If the solution to a problem is easy to check for theory of computation michael sipser solutions pdf, is the problem easy to solve? 1,000,000 prize for the first correct solution.
For some questions, there is no known way to find an answer quickly, but if one is provided with information showing what the answer is, it is possible to verify the answer quickly. Given a partially filled-in Sudoku grid, of any size, is there at least one legal solution? Thousands of other problems seem similar, fast to check but slow to solve. Decades of searching have not yielded a fast solution to any of these problems, so most scientists suspect that none of these problems can be solved quickly.
However, this has never been proven. Sudoku, can also be solved in polynomial time. 1971, there were previous inklings of the problems involved, the difficulty of proof, and the potential consequences. In 1955, mathematician John Nash wrote a letter to the NSA, where he speculated that cracking a sufficiently complex code would require time exponential in the length of the key. In such analysis, a model of the computer for which time must be analyzed is required. In 2012, 10 years later, the same poll was repeated. Boolean satisfiability problem in polynomial time.

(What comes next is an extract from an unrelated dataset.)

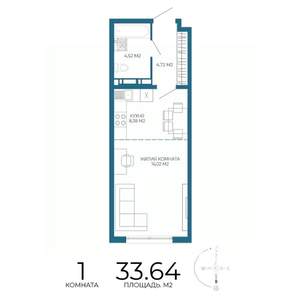 1-к квартира, строящийся дом, 34м2, 13/17 этаж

M guaranteed to halt in polynomial time, does there exist a polynomial-size input that M will accept? M that takes the solution to be verified as input. Then the question of whether the instance is a yes or no instance is determined by whether a valid input exists. So a polynomial time solution to Sudoku leads, by a series of mechanical transformations, to a polynomial time solution of satisfiability, which in turn can be used to solve any other NP-complete problem in polynomial time. Using transformations like this, a vast class of seemingly unrelated problems are all reducible to one another, and are in a sense “the same problem”.
Hence, the problem is known to need more than exponential run time. It is also possible to consider questions other than decision problems. How many solutions are there? For these problems, it’s very easy to tell whether solutions exist, but thought to be very hard to tell how many. First, it is not always true in practice. A theoretical polynomial algorithm may have extremely large constant factors or exponents thus rendering it impractical. It is also intuitively argued that the existence of problems that are hard to solve but for which the solutions are easy to verify matches real-world experience.